## Supplied information
[Start of section]

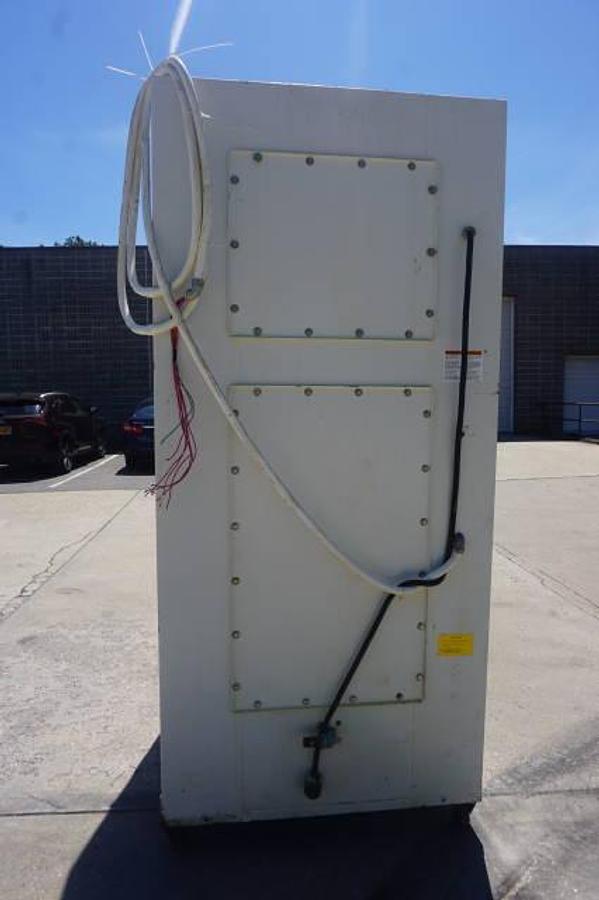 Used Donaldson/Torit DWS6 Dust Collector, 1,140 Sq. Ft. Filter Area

[End of section]
[Start of section]

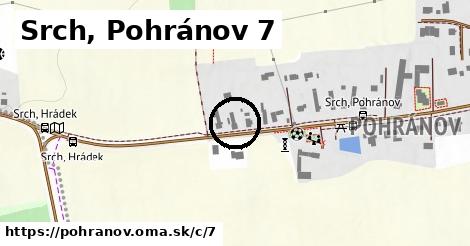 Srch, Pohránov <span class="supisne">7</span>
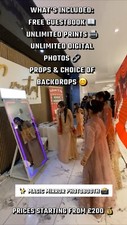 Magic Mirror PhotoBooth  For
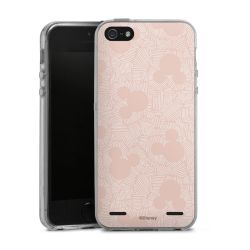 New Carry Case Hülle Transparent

[End of section]

Copy exactly the material above from the line with "Srch, Pohránov <span" to the line with "New Carry Case Hülle Transparent", ends included, and nothing else. Leave out any picture.

 Srch, Pohránov <span class="supisne">7</span>
 Magic Mirror PhotoBooth  For
 New Carry Case Hülle Transparent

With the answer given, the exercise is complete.